Dividends and capital gains are exempt from tax but because the Company is subject to tax in other areas ie interest it can benefit from the double tax treaties and also from the EU parent / subsidiary directive on tax free dividends and capital gains.
SOPARFI means Societe de participation financiere. The main advantage of the normal Luxembourg Company with SOPARFI is that while the company is fully subject to corporate tax, exemptions to corporate tax are granted by law for:
Dividends received from shareholding, providing shareholdings of at least 10% have been held uninterrupted since the start of the financial year prior to receipt of the dividend from it’s shareholding in the subsidiary.
Liquidation gains on liquidation of companies in which shares are held.
Capital gains on sale of shareholding providing shareholdings of at least 25% have been held uninterrupted since the start of the financial year prior to receipt of the dividend from it’s shareholding in the subsidiary.
There are also no withholding taxes levied on dividends paid by a normal Luxembourg Company with SOPARFI provisions to its EU parent and either 25% or the reduced tax treaty tax is levied if payment is made to a non-EU parent. Therefore the company can benefit from full double tax treaty protection. No special tax authority ruling is required and these companies can combine shareholding with commercial, industrial or other financial activities.

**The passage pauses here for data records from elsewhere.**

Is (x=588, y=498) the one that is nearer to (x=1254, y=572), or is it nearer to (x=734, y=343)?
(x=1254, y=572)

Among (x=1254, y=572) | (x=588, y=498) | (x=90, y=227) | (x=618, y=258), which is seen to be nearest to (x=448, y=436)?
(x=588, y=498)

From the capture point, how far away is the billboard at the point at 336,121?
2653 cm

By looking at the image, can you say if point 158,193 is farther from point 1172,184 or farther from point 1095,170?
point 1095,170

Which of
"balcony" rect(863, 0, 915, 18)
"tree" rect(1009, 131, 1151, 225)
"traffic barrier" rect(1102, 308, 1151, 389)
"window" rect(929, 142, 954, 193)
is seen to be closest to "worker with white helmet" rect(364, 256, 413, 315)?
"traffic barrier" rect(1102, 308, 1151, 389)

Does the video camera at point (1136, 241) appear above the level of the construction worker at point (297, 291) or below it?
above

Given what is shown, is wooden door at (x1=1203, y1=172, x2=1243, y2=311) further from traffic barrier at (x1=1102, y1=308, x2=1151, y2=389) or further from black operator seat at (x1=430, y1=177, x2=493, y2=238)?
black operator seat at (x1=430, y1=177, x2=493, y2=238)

TRADING AND COMMERCIAL COMPANY
Similar to the SOPARFI but the objects clause of the company is focused more on the trading activities of the company and it is usual to have to apply for a trading permit.

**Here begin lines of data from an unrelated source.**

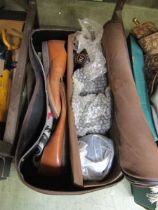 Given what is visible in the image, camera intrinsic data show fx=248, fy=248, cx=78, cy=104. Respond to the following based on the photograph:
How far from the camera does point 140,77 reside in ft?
3.59

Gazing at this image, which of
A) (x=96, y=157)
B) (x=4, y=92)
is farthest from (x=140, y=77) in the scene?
(x=4, y=92)

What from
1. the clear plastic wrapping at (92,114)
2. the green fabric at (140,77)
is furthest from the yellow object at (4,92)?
the green fabric at (140,77)

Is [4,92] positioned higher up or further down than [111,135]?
higher up

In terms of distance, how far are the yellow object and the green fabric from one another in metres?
0.58

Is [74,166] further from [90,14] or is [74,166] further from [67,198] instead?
[90,14]

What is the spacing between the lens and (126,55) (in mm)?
1022

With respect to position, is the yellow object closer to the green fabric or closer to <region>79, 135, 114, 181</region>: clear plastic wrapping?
<region>79, 135, 114, 181</region>: clear plastic wrapping

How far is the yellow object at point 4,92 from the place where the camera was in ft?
3.63

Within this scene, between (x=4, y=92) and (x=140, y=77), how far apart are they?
62 centimetres

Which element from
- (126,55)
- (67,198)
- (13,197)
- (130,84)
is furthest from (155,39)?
(13,197)

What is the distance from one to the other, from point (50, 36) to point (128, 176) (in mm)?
744

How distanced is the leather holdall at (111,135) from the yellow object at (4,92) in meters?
0.20

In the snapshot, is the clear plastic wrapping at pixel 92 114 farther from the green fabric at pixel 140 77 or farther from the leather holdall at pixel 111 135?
the green fabric at pixel 140 77

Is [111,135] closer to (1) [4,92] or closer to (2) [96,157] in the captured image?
(2) [96,157] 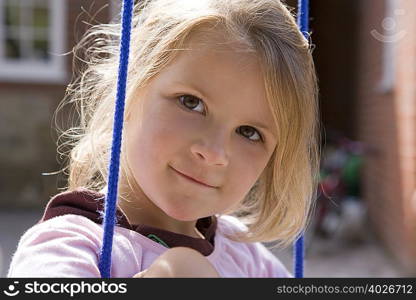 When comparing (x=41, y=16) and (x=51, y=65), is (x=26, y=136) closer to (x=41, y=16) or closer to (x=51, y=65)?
(x=51, y=65)

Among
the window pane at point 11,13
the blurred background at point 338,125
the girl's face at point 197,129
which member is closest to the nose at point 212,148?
the girl's face at point 197,129

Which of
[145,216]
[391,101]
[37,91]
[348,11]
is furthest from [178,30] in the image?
[348,11]

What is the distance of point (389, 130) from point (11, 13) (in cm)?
409

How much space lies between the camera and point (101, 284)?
0.76 m

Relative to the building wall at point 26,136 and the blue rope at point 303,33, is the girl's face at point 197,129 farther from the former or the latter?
the building wall at point 26,136

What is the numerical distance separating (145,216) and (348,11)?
784 centimetres

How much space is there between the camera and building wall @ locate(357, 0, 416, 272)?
395 cm

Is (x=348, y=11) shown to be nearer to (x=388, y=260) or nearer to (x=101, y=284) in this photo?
(x=388, y=260)

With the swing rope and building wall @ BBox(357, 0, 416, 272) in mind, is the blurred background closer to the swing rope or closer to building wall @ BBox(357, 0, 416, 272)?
building wall @ BBox(357, 0, 416, 272)

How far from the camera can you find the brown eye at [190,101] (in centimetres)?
89

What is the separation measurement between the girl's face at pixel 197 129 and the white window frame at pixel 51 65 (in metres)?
5.66

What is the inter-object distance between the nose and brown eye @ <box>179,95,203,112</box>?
0.16ft

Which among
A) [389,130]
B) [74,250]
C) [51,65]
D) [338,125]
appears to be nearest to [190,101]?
[74,250]

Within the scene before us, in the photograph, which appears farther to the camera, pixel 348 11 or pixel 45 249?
pixel 348 11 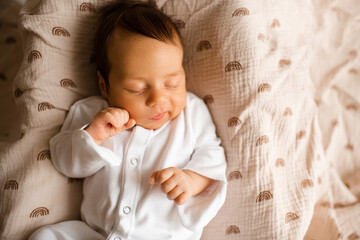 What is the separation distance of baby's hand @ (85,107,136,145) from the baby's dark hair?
20cm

GENERAL REQUIREMENTS FOR LUXEMBOURG COMPANIES
The Company must have a minimum capital of Euro12,500 fully paid-up. A local bank or well established foreign bank (recognised by the Notary) will be asked to certify to the Notary drawing up the deed of incorporation that funds are held for the company in a blocked account for the formation of the company.

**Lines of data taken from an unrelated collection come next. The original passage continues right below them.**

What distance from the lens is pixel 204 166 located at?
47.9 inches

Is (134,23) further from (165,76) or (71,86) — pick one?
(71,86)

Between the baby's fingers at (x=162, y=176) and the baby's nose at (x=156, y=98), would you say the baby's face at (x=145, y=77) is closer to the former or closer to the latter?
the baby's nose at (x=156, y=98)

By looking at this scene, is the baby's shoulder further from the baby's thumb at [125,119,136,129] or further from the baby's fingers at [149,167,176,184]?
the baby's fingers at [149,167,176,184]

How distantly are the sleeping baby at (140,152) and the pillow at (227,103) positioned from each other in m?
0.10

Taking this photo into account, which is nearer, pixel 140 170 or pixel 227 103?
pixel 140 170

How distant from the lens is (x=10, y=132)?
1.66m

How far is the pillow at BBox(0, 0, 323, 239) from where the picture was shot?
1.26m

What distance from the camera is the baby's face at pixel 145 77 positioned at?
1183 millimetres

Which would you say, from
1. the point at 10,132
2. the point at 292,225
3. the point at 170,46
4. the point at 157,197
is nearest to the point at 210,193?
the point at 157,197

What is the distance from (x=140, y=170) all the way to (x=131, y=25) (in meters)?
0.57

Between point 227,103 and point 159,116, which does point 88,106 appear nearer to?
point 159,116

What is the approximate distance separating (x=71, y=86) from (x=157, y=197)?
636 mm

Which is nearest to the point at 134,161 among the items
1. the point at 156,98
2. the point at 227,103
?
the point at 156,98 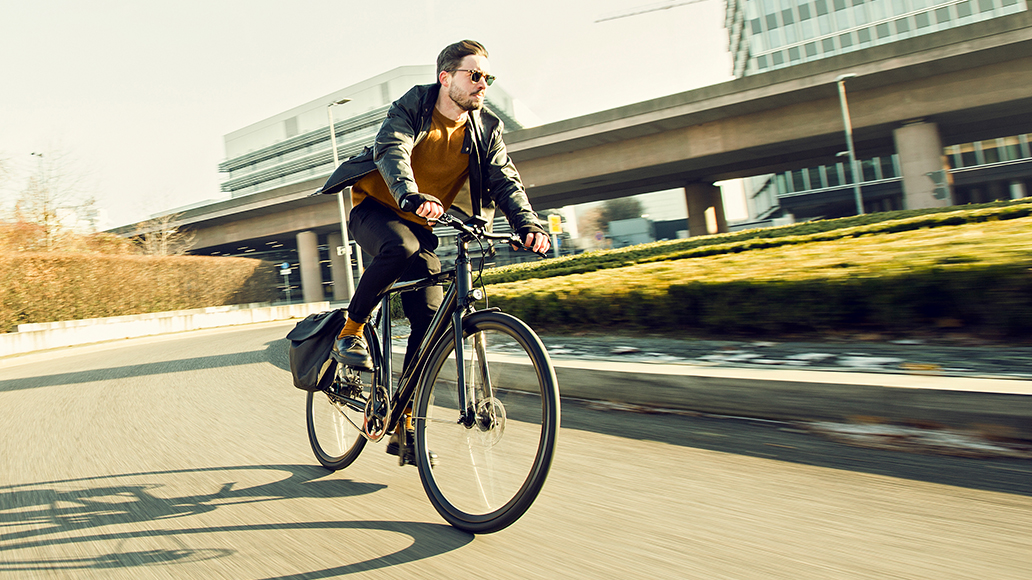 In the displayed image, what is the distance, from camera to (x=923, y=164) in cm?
2553

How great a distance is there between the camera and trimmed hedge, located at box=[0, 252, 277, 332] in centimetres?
1942

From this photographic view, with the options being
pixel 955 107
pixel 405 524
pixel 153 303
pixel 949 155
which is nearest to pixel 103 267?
pixel 153 303

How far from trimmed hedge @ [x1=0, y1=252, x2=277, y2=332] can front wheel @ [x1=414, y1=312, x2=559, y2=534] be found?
21996mm

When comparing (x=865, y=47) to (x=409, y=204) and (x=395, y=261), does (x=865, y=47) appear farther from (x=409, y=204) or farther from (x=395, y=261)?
(x=409, y=204)

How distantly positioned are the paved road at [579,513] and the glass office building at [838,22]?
59.2 metres

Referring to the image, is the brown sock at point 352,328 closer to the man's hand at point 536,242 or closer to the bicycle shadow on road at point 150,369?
the man's hand at point 536,242

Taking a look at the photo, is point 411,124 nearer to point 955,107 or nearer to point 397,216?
point 397,216

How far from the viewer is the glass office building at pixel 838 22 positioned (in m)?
52.8

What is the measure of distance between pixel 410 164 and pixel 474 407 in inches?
45.2

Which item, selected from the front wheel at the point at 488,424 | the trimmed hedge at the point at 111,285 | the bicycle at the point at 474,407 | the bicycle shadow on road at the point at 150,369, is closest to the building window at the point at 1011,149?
the trimmed hedge at the point at 111,285

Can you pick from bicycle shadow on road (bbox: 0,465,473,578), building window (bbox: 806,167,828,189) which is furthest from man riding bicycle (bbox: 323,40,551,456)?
building window (bbox: 806,167,828,189)

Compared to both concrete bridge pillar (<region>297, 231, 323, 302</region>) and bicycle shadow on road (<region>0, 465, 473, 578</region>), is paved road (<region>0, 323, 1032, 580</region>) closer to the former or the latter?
bicycle shadow on road (<region>0, 465, 473, 578</region>)

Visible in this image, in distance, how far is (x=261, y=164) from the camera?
99375mm

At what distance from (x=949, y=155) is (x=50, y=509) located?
61054mm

There are a minimum of two shareholders required who may be individuals or companies and of any nationality or residence. Full details of the their names, occupation and residence are required.
There are a minimum of three directors required who may be individuals or companies and need not be resident in Luxembourg.
An auditor is required who is either a ‘commissaire aux comptes’ or a ‘reviseur d’entreprise’, depending on the size of the company.
The statutes correspond to the Anglo-Saxon Memorandum and Articles of Association and may be in English with either a French or German translation. They specify the objects, capital, shareholders, directors, year end and details of the annual general meeting of the Company.
Accounting records for all Luxembourg companies must be kept. They are normally kept in Luxembourg, but can be kept outside the country. Extracts of the Balance Sheet and Profit and Loss Account are required for registration each year after being audited by the ‘Commissaire’ and approved by the Annual General Meeting.
5% of the Company’s net profits must be paid into a legal reserve until the reserve reaches 10% of the issued capital.
An Annual General Meeting of shareholders must be held in Luxembourg to approve the Company’s accounts and give discharge to the directors and auditor. The time, day and place of the meeting are specified in the statutes of the Company. If all the shares are registered, the meeting can be convened by registered letter containing the agenda of the meeting, otherwise, notice must be published in the Memorial and a Luxembourg Journal at eight day intervals, the second notice appearing not less than eight days before the meeting.
A Holding Company must produce quarterly tax d’abonneent returns.
A normal Company with SOPARFI provisions must produce annual (calendar year end) corporation tax returns.